Борьбу за художественные критерии мы начали отнюдь не первыми в Польше. Мы последовательно отсылали к «Искусству и критике» Станислава Виткевича (1851–1915), который уже в девяностые годы полемизировал с профессором Струве, оракулом варшавских журналов и апологетом Яна Матейко (1838–1898). Тот сочинял о каждой картине Матейко целые трактаты, погружаясь в исторические, философские и метафизические изыскания и вовсе даже не упоминая о художественных элементах, забывая, что картина должна быть живописным изображением тех или иных переживаний или сцен. В двадцатые годы польская критика все еще руководствовалась не художественными, а исключительно тематическими критериями, поэтому весь пафос наших усилий имел направление атематическое, даже антитематическое. Именно из-за того, что XIX век наряду с великими, незаслуженно забытыми и порицаемыми течениями породил посредственную, но невероятно популярную традицию, идущую от Шеффера и Делароша (1797–1856), эпигонов романтизма (именно Деларош через Мюнхен стал источником влияния, отравившего молодого Матейко во время его первой поездки за границу).

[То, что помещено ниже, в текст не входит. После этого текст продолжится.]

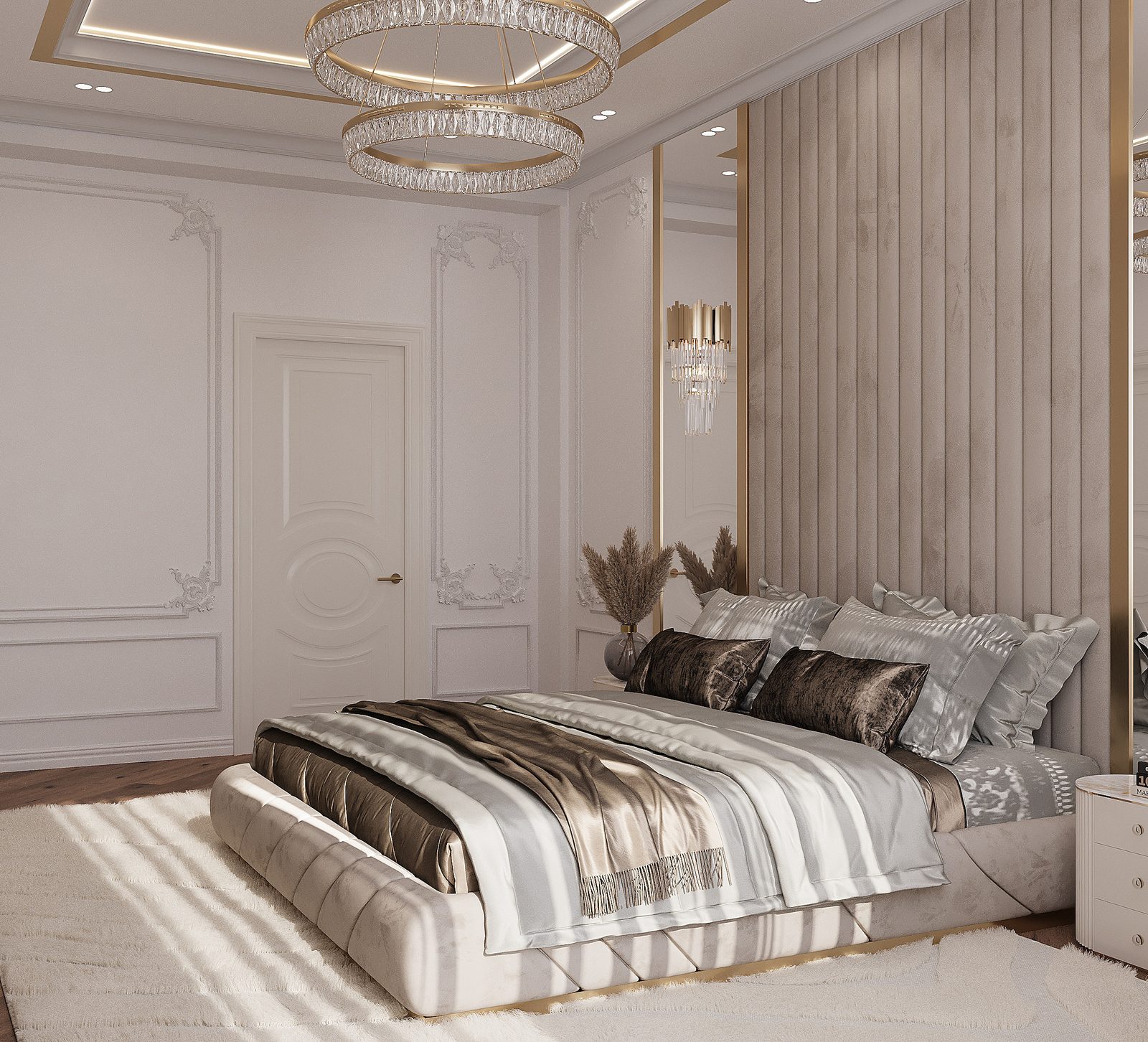 156 m² apartment — luxury neoclassical interior — Master bedroom. Interior view 9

А потом на нас снова нахлынули эпигоны натурализма под мюнхенским соусом и вышедшие в тираж импрессионисты, у которых от импрессионизма остались одни формальные световые приемы («Не знаешь, что класть, клади ультрамарин», – советовал нам один почтенный импрессионист). Для широкой публики, почти не имеющей ни художественной культуры, ни доступа к крупным галереям, где она могла бы воспитываться на лучших образцах, картина перестала быть наслаждением для взгляда, оставшись лишь темой. С каким же волнением мы в этой атмосфере рассматривали сразу после двадцатого года в Кракове парижские номера «Esprit Nouveau», полные язвительных статей, направленных против натуралистического примитива, против эпигонов импрессионизма. С каким отторжением мы тогда смотрели на батальные сцены и очередные голубые снега, ультрамариновые тени подражателей импрессионистам. Уже тогда выше увлекавших нас Ван Гога (1853–1890) и Гогена (1848–1903), выше почти уже забытых нами великих импрессионистов поднимался в наших глазах Сезанн с его конструктивной силой и стремлением к сознательному построению картины, написанной с натуры, не менее сознательному, чем это было у классиков – Рафаэля или Пуссена. Под впечатлением от Сезанна стремясь к чистой проблематике, мы переживали тогда взлет натюрморта как жанра живописи, в котором тематика играет наименьшую роль и где легче всего сознательно конструировать и комбинировать цветовые и композиционные элементы. Я помню, как профессор Леопольд Яворский, заинтересовавшись нашей работой, купил у Зигмунта Валишевского[26], тогда студента Краковской академии, а позднее крупнейшего художника последнего двадцатилетия в Польше, натюрморт. Когда я занес картину в комнату, жена профессора приняла ее с некоторым неудовольствием: «Вечно вы одни яблоки рисуете». Вернувшись к себе, я повторил ее реплику Валишевскому, который уже лежал в постели. Валишевский аж подскочил с кровати: «Да эта женщина Бога не знает, если не видит яблока». Именно изучение натюрморта открыло перед нами увлекательный мир цветов и линий, для которого не нужны эффектные пейзажи, закаты или острые темы. Мы открывали для себя то, что открывает для себя каждый подлинный художник во все времена – что красота окружает нас повсюду, что ее нужно лишь разглядеть, выразить, что элемент «чистого искусства» существует параллельно теме, а иногда и вовсе от нее не зависит.

вернуться

26

Зигмунт Валишевский (1897–1936) – польский художник, входил в художественную группу капистов.